Expats are now seeking to change the law. Paris Europlace’s CEO Jean-Charles Simon told the press in early October:
“We have asked the government to change the regime because it limits the attractiveness of France.”
Industry insiders note that the current employment conditions are creating tension in the labour market. Finance workers are gravitating towards larger companies, demanding higher salaries to compensate for the lost tax benefits. They believe that the answer would be to make the tax benefits transferable. While companies aren’t overly concerned about losing staff, given their relatively strong hiring position, they feel the system must evolve for a more fluid workforce transition. This could, however, make it easier for larger financial institutions to lure staff from smaller entities. Jean-Charles Simon adds:
“We wanted to be sure that all of these new foreign banks in Paris would be OK with this change of law. And they said yes, even if it will increase competition in Paris for people and reduce barriers to protect the staff they have because it will make it easier to hire people.”
Barclays Announces Further Bank Account Closures
Barclays Bank announced in September that they will be closing expat bank accounts in the next 6 months, forcing customers abroad to seek alternative banking arrangements. The bank says:
“Our Barclays UK products are designed for customers within the UK. We will no longer be offering personal current or savings accounts to retail customers with addresses registered with us outside of the United Kingdom, subject to limited exceptions. We are contacting impacted customers to give them advance notice of this decision and explain the next steps they need to take.”

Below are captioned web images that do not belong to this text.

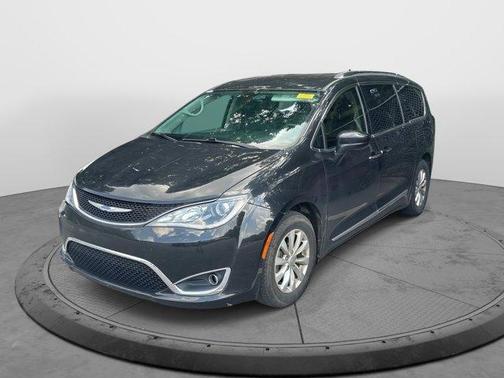 2018 Chrysler Pacifica Touring-L Plus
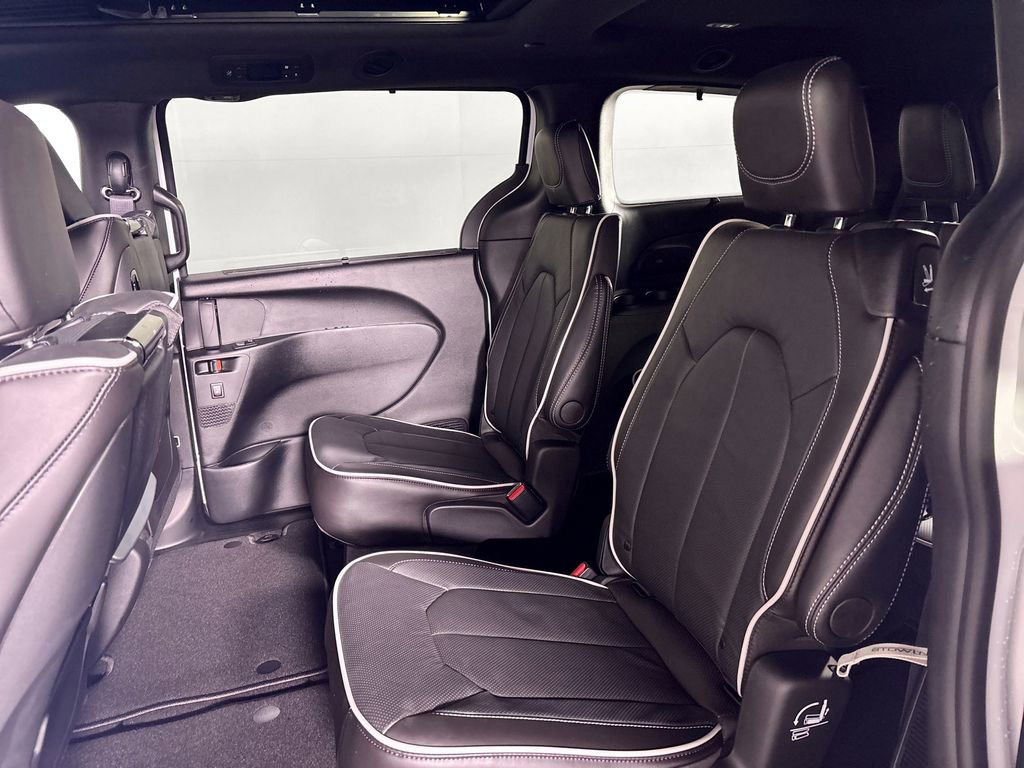 New 2026 Chrysler Pacifica Limited w/ Uconnect Theater Family Group image 20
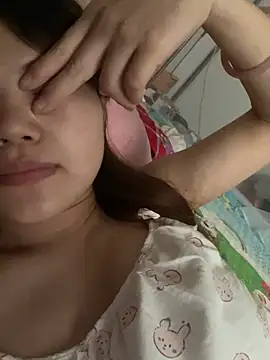 Snapshot of -Vaci- chatting on April 2026 05:51:02 AM -Vaci- online show from April 2026 05:51:02 AM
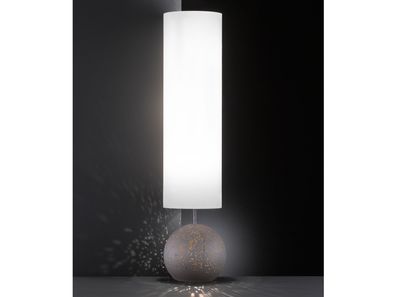 LED Stehleuchte, Kugel Lampenfuß, Lampenschirm Stoff weiß, Höhe 124cm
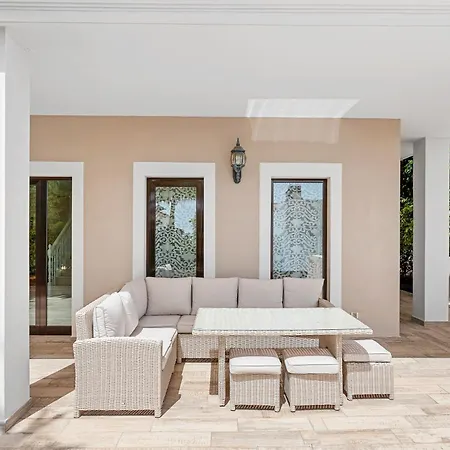 Villa Vista Bella In Ruhiger Villengegend Mit Meerblick Costa Adeje (Tenerife)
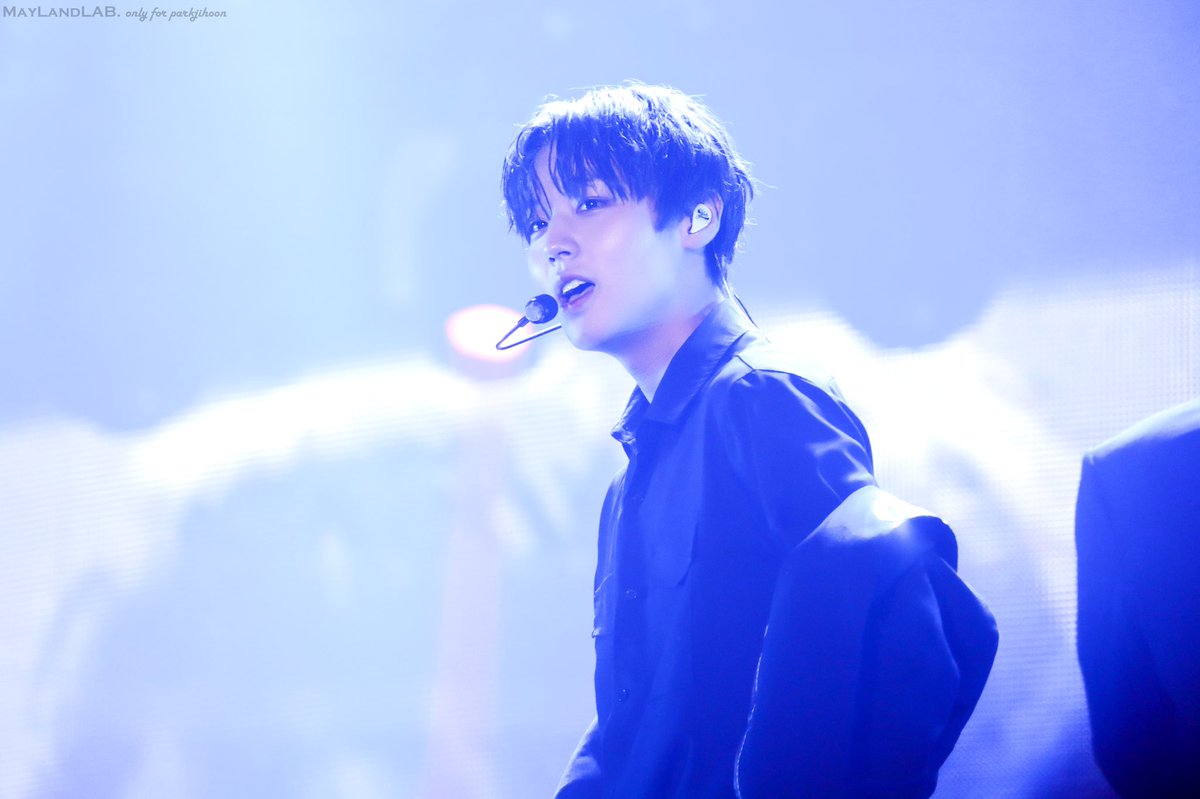 maylandlab_jh's tweet photo. 20180603 #월드콘서울 HQ

컨셉은 섹시하고 어깨는 태평양인데
얼굴은 너무 홀리해...청순해...

#박지훈 #박지훈연구소 #지훈 #JIHOON
only for #PARKJIHOON https://t.co/VxXPZwuGTa
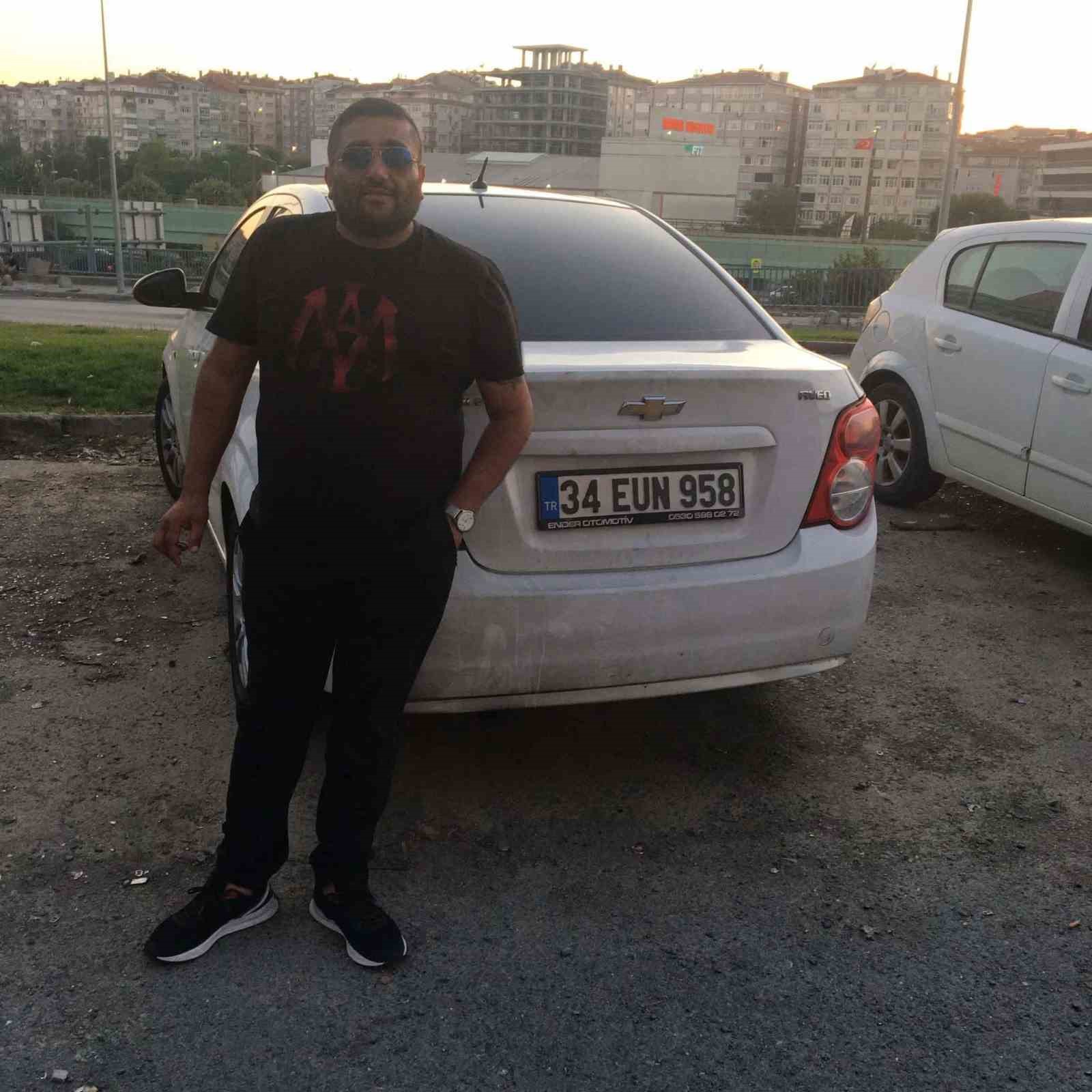 Zeytinburnu’nda silahla vurularak öldürülen iki arkadaşın cenazesi Adlı Tıp Kurumu’ndan alındı 6 zeytinburnunda silahla vurularak oldurulen iki arkadasin cenazesi adli tip kurumundan alindi 2 iNJti4Pq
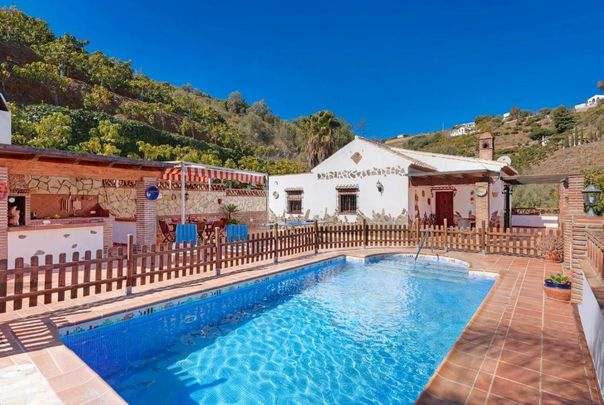 Cortijo For Long Term Rental In Frigiliana - Photo 1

Anyone wanting to remain with Barclays will need to sign up for a Barclays Global account, which with a requirement of £100K in the account at all times or a £40 per month fee, may well prove too steep for many of their overseas clients. Financial experts believe this is intended to discourage expats opening accounts with the bank, which they believe wants to focus on the domestic UK market and essentially ‘debank’ expat customers.
Nigel Green, CEO of wealth management advisers the deVere Group, told the press at the end of September that they have been warning customers about this shift in policy for some time and they also believe that other banks will be following suit if they have not done so already.

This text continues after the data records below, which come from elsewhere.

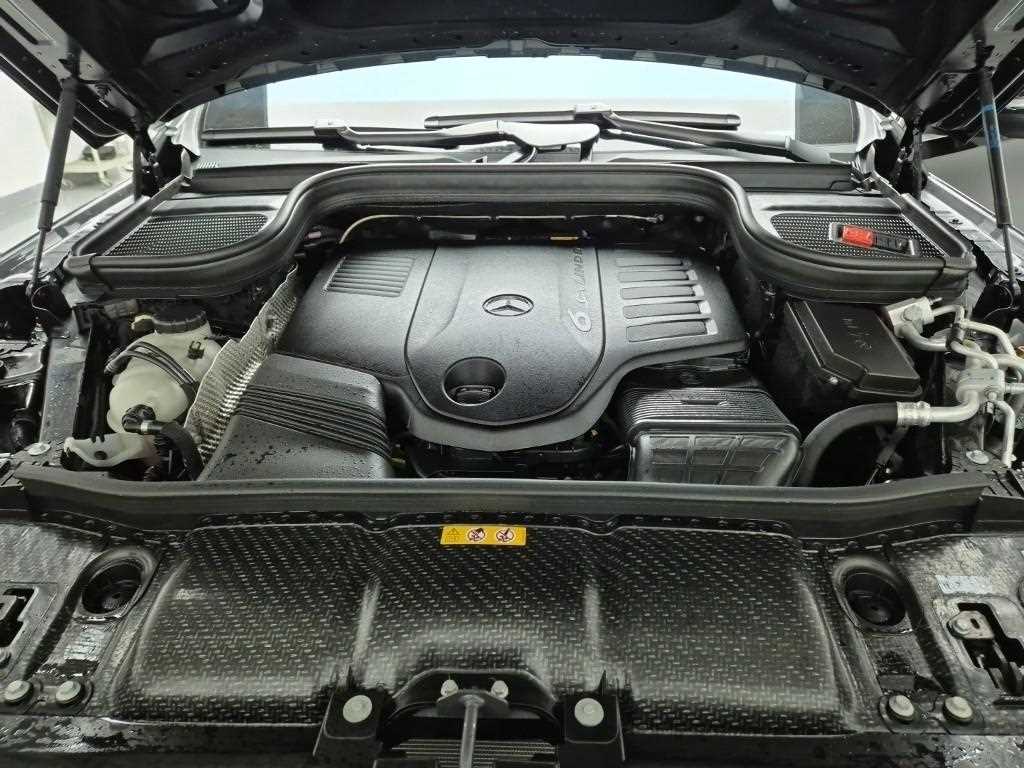 Mercedes Benz GLS Class - Vista 5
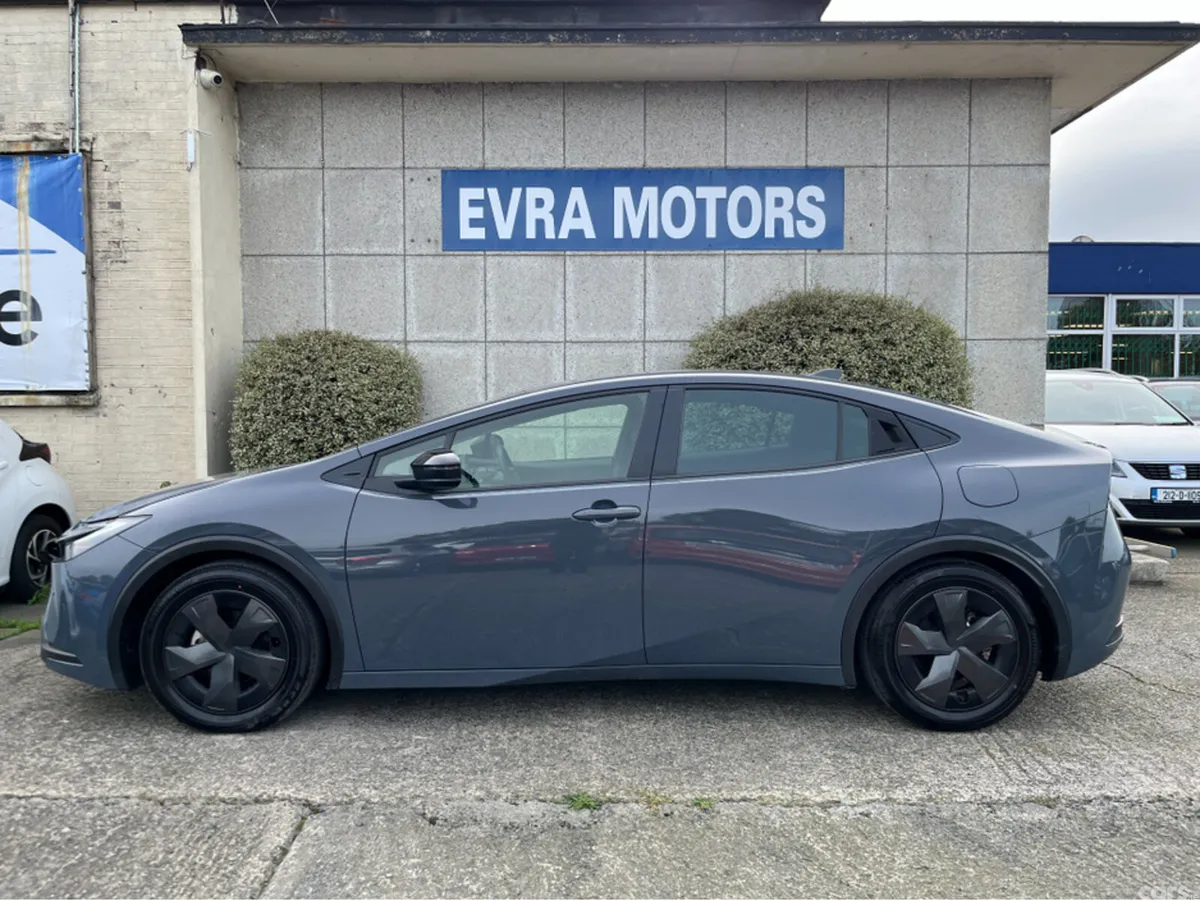 Toyota Prius Saloon, Petrol Hybrid, 2024, Grey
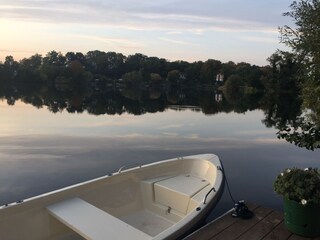 Unser neues Boot mit E-Motor und Ruder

Mortgage brokers also warn that the expat lending criteria has been tightening in recent years. Richard Campo at Rose Capital Partners comments:
“I can’t think of any of the big six lenders that have a workable policy at the moment. We tend to use the smaller building societies for expat cases. Where they can’t compete on price with the big lenders, they can on policy as it is a very manual underwriting approach. Hence why the big lenders shy away from it.”
Nigeria’s Visa Fees ‘No Deterrent’ to Expat Influx
This autumn, the business press has reported the Nigerian government’s steep visa fees, which currently stand at $2K annually for the Combined Expatriate Residence Permit and Alien Card (CERPAC). Despite its high cost, the permit fee hasn’t deterred professionals in the oil and gas, maritime, aviation, and other sectors. It’s believed that this steep price was originally set as part of a localisation strategy. The former President of the Association of Outsourcing Professionals of Nigeria, Obiora Madu, spoke of a need to protect Nigerian jobs, particularly with regard to the influx of Chinese and Indian personnel.

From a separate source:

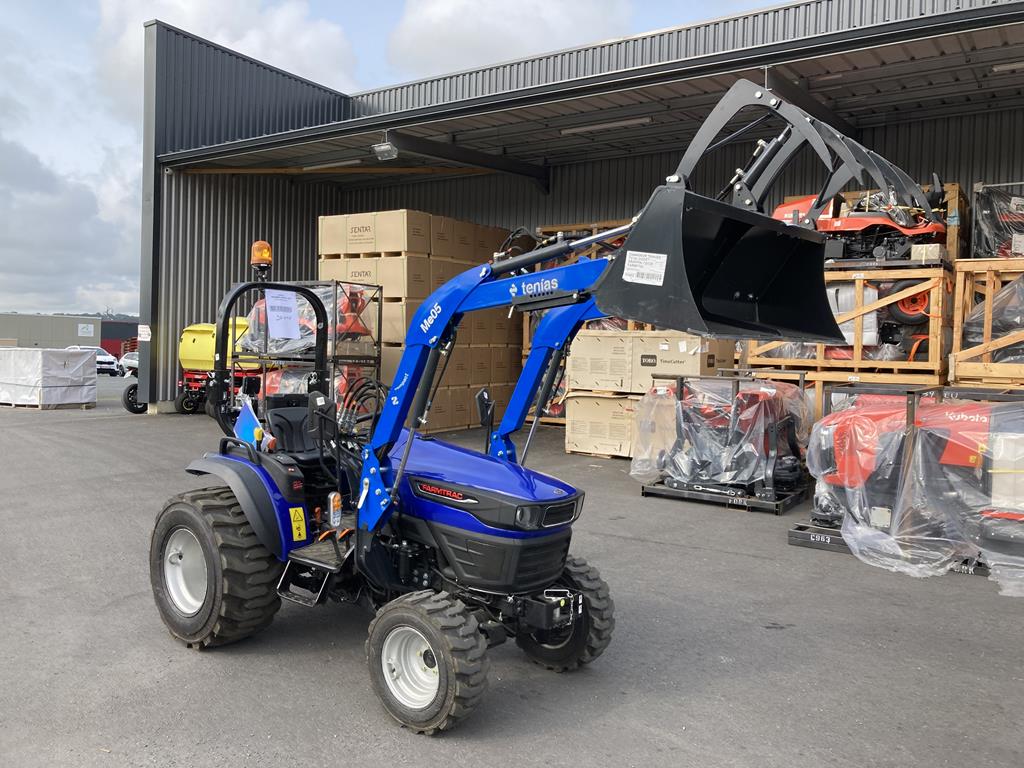 FARMTRAC FT26 HST AVEC CHARGEUR - La Haye Motoculture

Avearo Capital Partners, consultants in global aviation and aerospace, commented:
“This is not an anti-foreign investment regulation. Most companies, especially oil companies, would bring in experts. Still, Nigerians decided that they wanted Nigerians to be employed in Nigerian companies, so an expert quota was put in place, meaning that when you want to bring in expats to work for you, you must satisfy the requirements. Originally, the visa was about $1,000 and … it was increased to $2,000 yearly. Some of the other countries that they may be looking at as a comparison to the fees charged in Nigeria probably do not attract as many expatriates as Nigeria does because of Nigeria’s type of technical environments such as railways development, construction, shipping, aviation and oil and gas.”
There is, however, disagreement among Nigerian employment consultants as to whether the steep permit fee will discourage foreign investment or whether companies will bring in expat personnel regardless: the general consensus tilts towards the latter option. There is, for example, a need for investment in the mining sector: any organisation interested in this industry is going to be a large global corporation with clear ideas about the kind of personnel it requires, and is unlikely to be deterred by the cost of CERPAC. Similarly, the technology sector needs overseas input. The CEO of freight forwarders Mainstream Cargo Limited, Seyi Adewale, told the press:
“What we should limit include investors that come into competition with our local manufacturers, artisans, or businesses.”
However, within specialist industries, access to the global personnel market is still clearly required.